> WORK TO BE COMPLETED: Please copy, exactly and with no pictures, only the lines from the one containing "Gaz Metan Severin" through the last line of the records.

RECORDS PROVIDED START

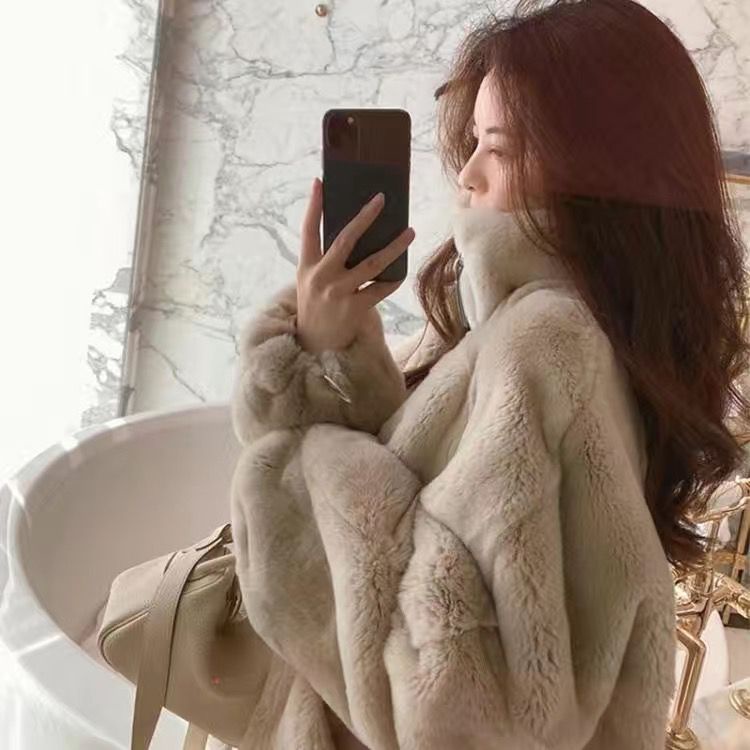 IMPORT FLUFFY FUR JACKET NO HOODIE WOMAN WINTER JAKET WANITA MUSIM DINGIN BULU IMPOR KOREAN STYLE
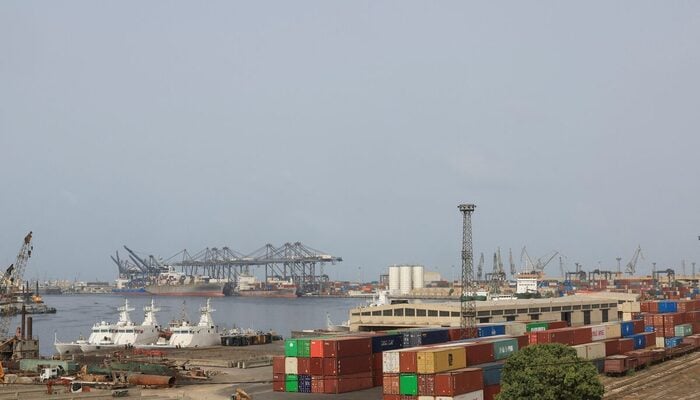 Shipping containers are seen at the Karachi port in Karachi, Pakistan, June 10, 2025. — Reuters
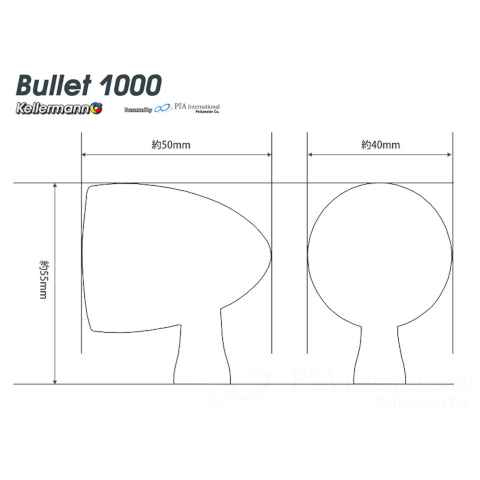 【12月限定セール】 【車検対応】LEDウインカー バレット1000 ダーク マットブラック/スモーク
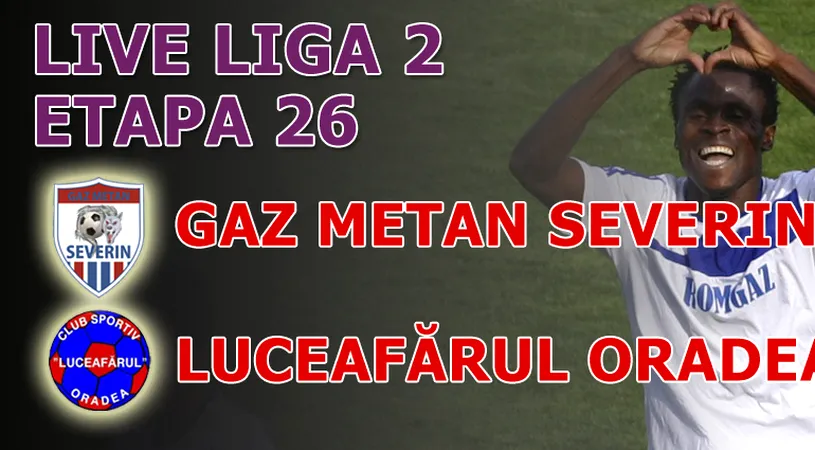 Gaz Metan Severin - Luceafărul Oradea 1-0!** Olah asigură locul 3
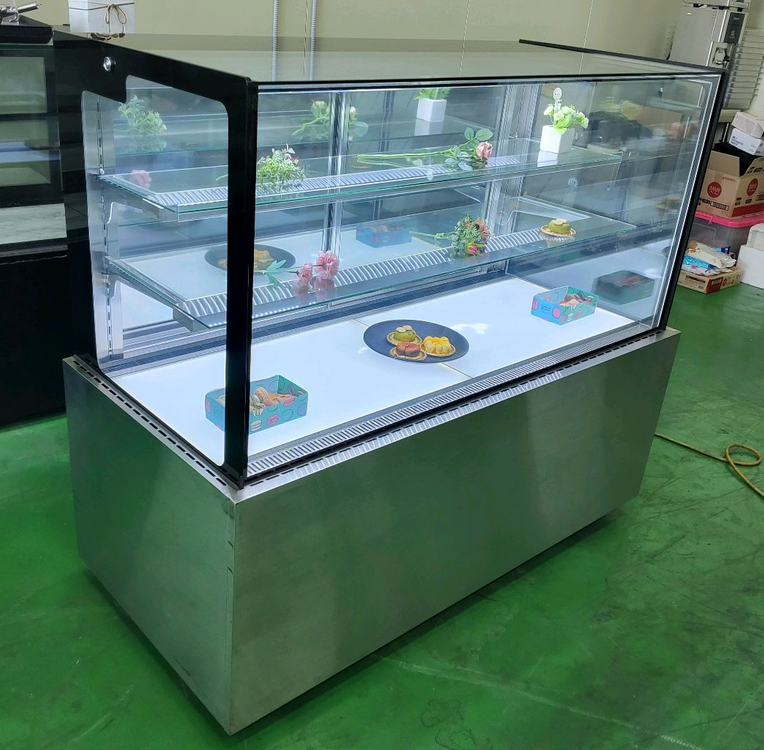 구룡 정육 숙성 케잌 베이커리 냉동냉장 겸용 쇼케이스 이미지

RECORDS PROVIDED END

> RESPONSE FOR THIS EXERCISE:
 Gaz Metan Severin - Luceafărul Oradea 1-0!** Olah asigură locul 3
 구룡 정육 숙성 케잌 베이커리 냉동냉장 겸용 쇼케이스 이미지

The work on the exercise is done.